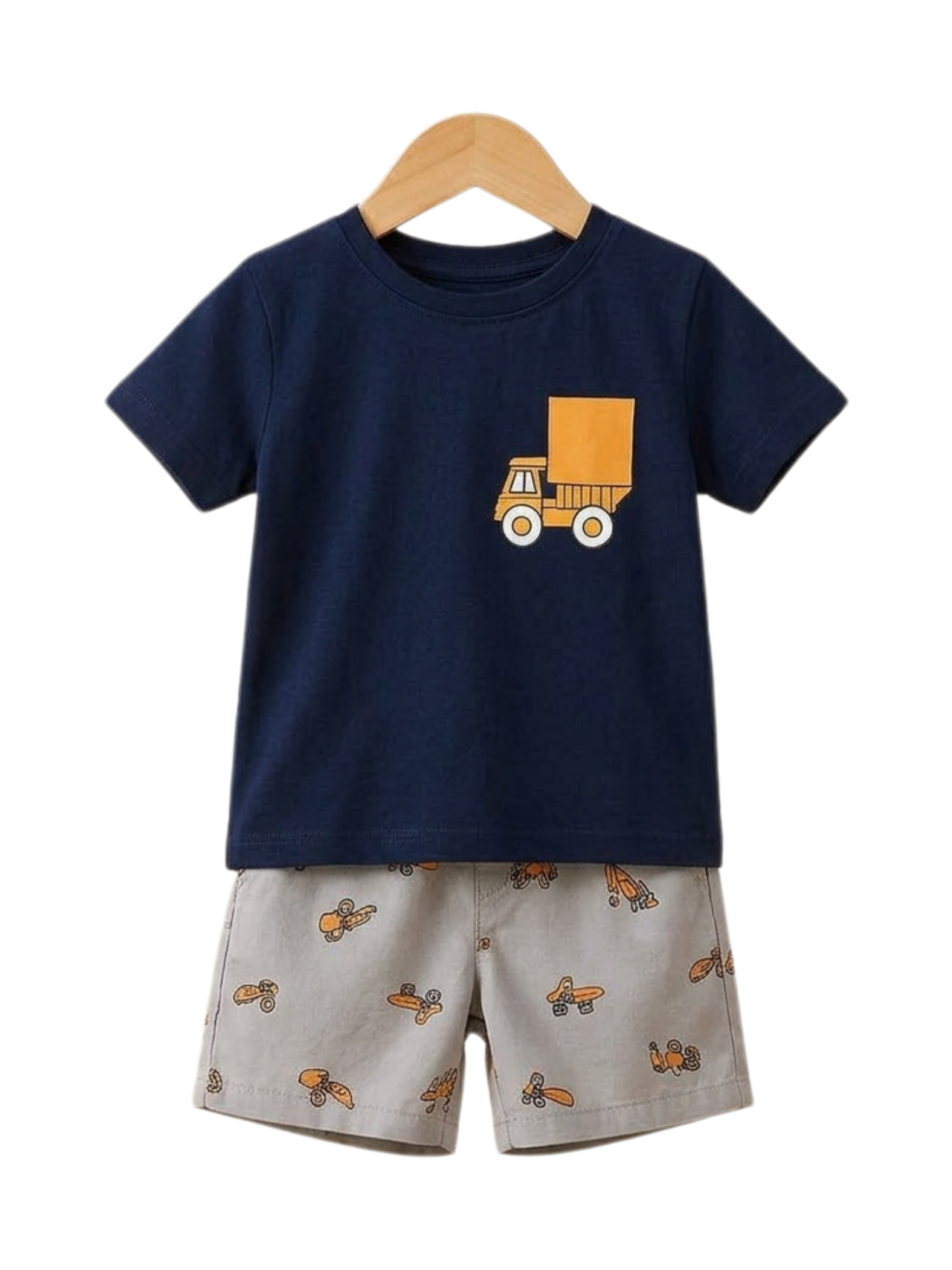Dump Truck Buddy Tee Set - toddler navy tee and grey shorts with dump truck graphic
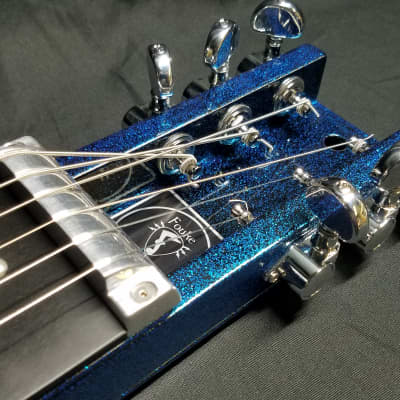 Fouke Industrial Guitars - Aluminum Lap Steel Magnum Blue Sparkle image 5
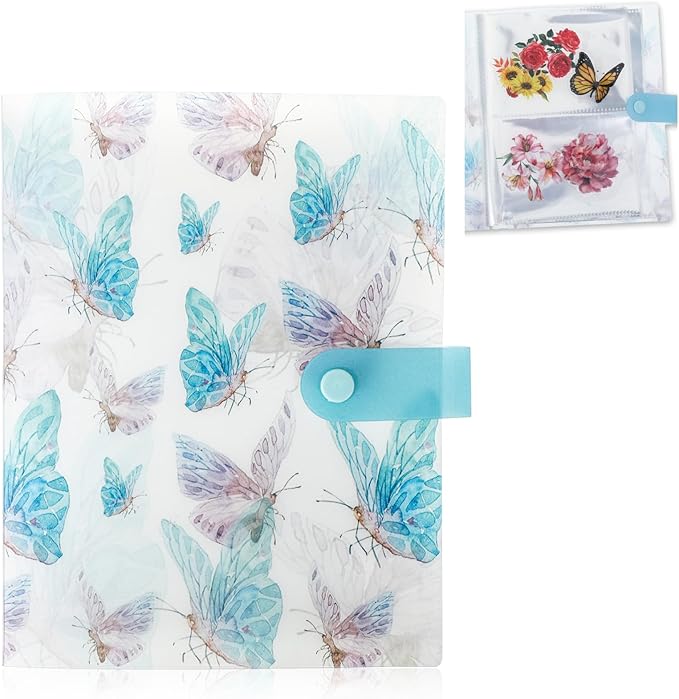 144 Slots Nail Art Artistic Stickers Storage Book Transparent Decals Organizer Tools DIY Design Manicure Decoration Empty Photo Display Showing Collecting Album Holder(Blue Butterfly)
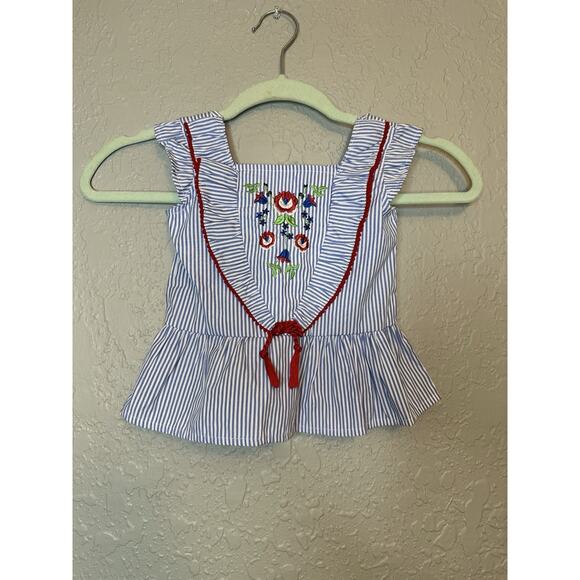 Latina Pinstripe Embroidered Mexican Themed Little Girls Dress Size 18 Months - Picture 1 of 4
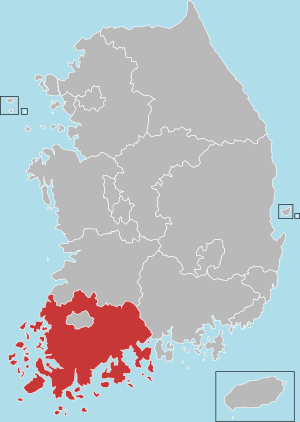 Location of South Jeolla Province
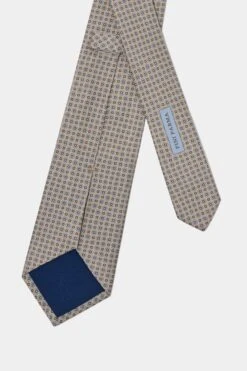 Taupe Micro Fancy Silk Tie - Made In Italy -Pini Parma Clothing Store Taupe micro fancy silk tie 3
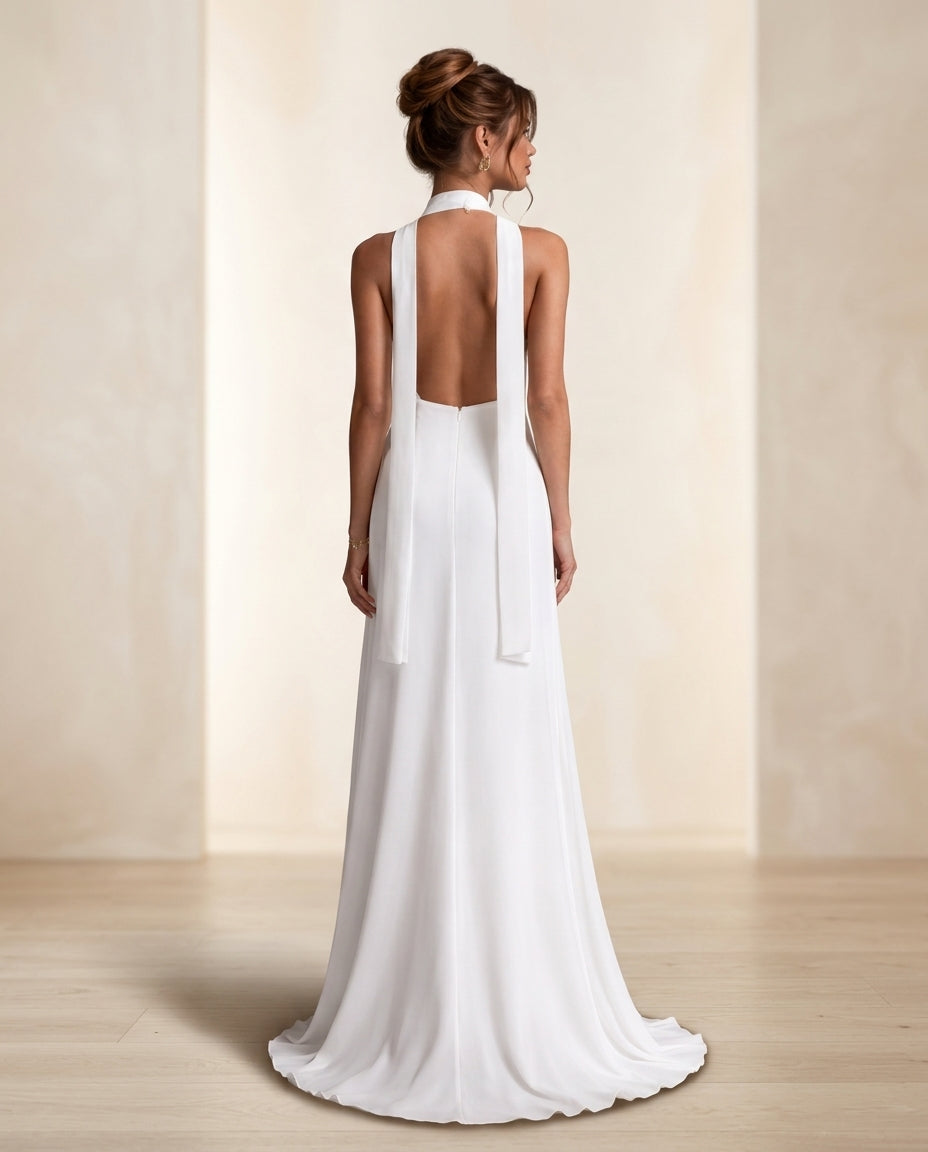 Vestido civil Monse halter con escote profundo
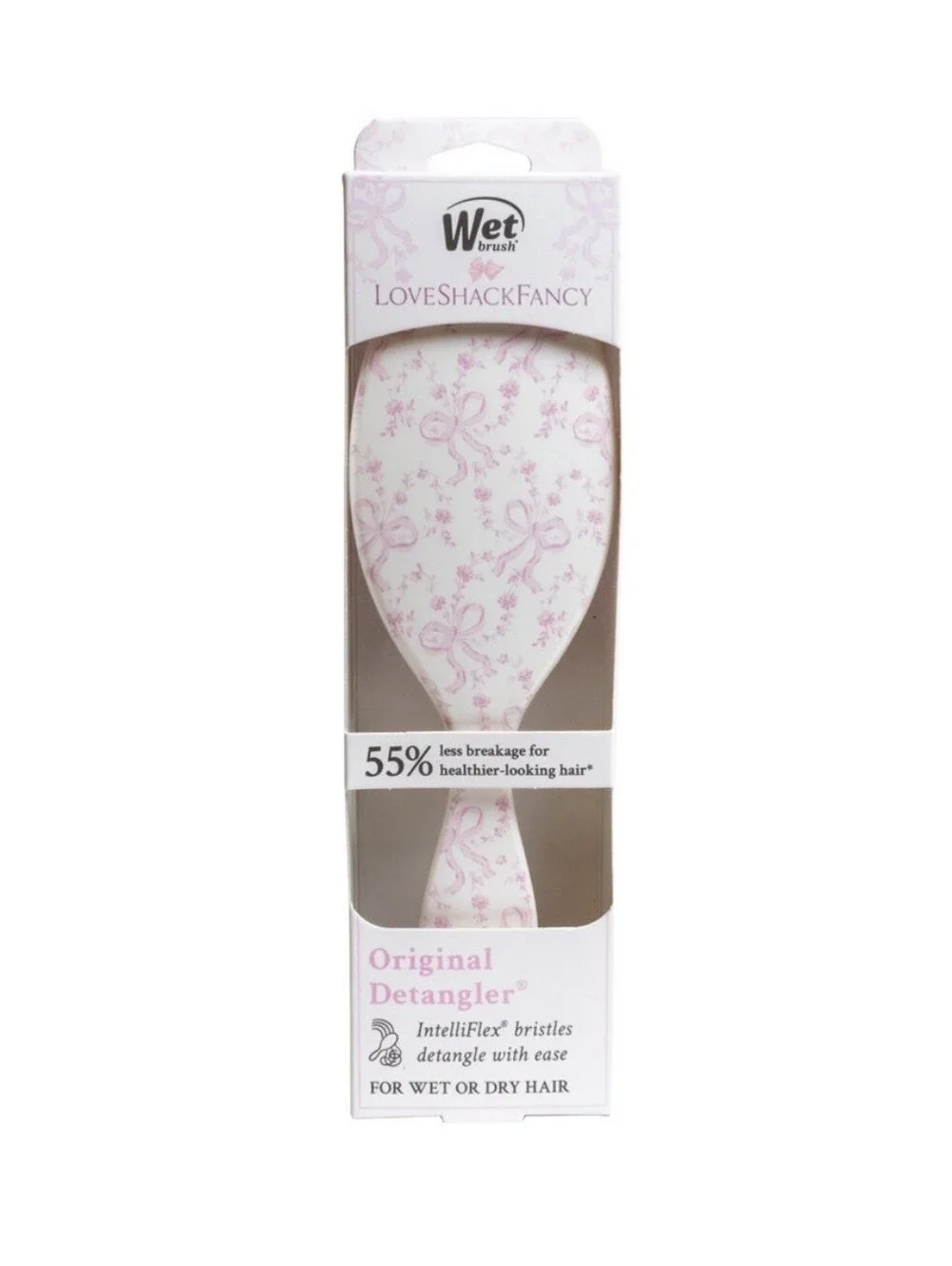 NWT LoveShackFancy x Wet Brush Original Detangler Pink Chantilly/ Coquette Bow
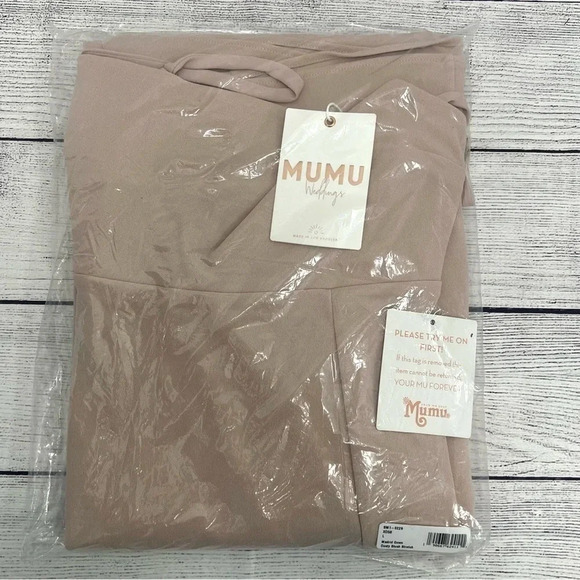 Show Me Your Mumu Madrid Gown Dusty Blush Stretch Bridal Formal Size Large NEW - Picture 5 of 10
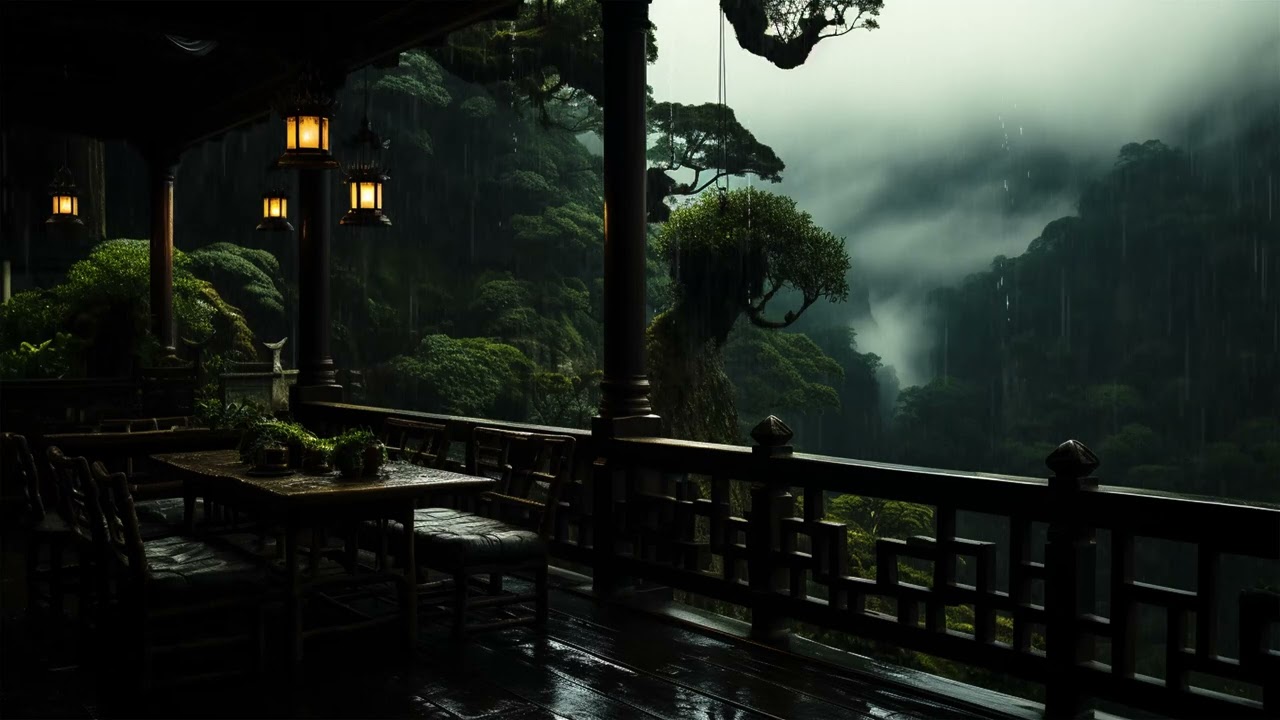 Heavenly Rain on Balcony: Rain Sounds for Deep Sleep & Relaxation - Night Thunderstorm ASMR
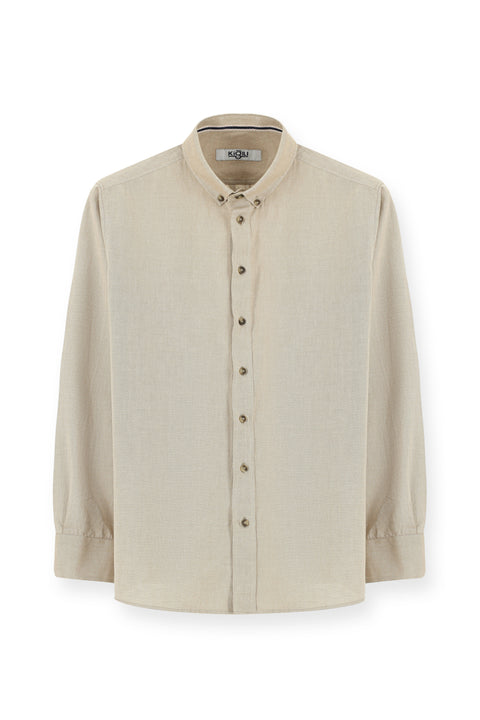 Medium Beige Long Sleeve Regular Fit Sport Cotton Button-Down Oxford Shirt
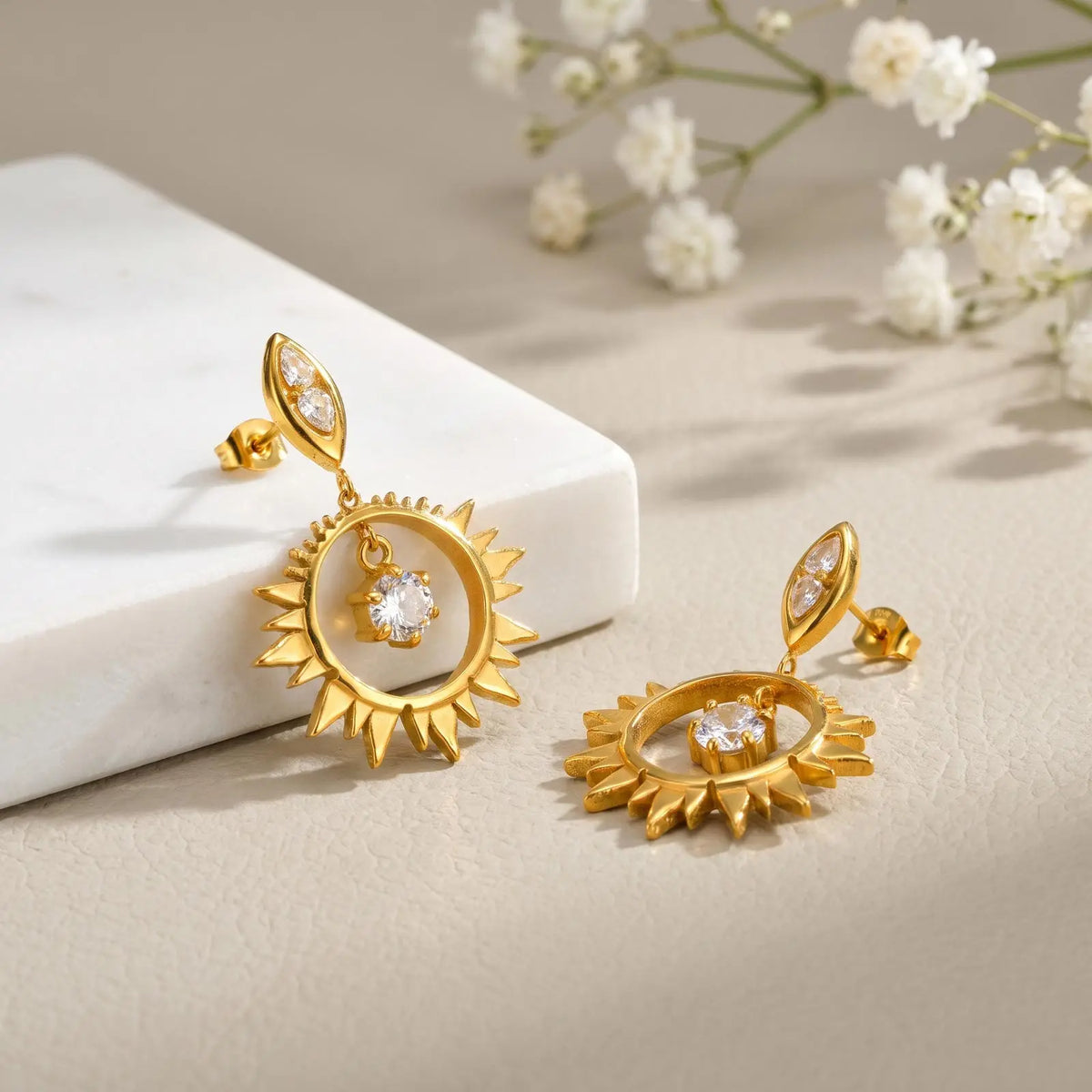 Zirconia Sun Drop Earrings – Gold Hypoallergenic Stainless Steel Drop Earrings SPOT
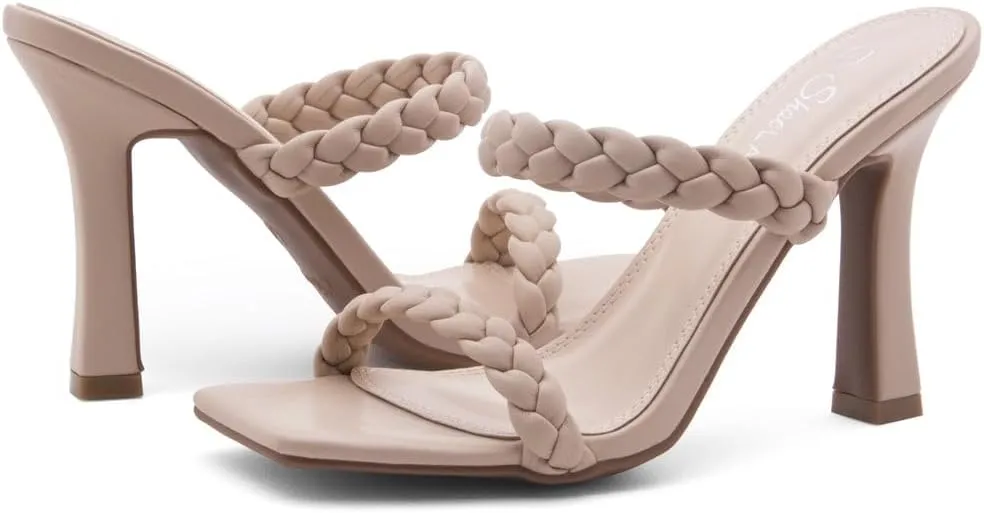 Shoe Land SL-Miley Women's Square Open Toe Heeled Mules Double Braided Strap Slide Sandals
◇ ◇ ◇ ◇ ◇
> [The problem] The required output consists only of the lines from the one containing "NWT LoveShackFancy x" to the last line of the material, reproduced exactly, pictures excluded.

> [Task result]
 NWT LoveShackFancy x Wet Brush Original Detangler Pink Chantilly/ Coquette Bow
 Show Me Your Mumu Madrid Gown Dusty Blush Stretch Bridal Formal Size Large NEW - Picture 5 of 10
 Heavenly Rain on Balcony: Rain Sounds for Deep Sleep & Relaxation - Night Thunderstorm ASMR
 Medium Beige Long Sleeve Regular Fit Sport Cotton Button-Down Oxford Shirt
 Zirconia Sun Drop Earrings – Gold Hypoallergenic Stainless Steel Drop Earrings SPOT
 Shoe Land SL-Miley Women's Square Open Toe Heeled Mules Double Braided Strap Slide Sandals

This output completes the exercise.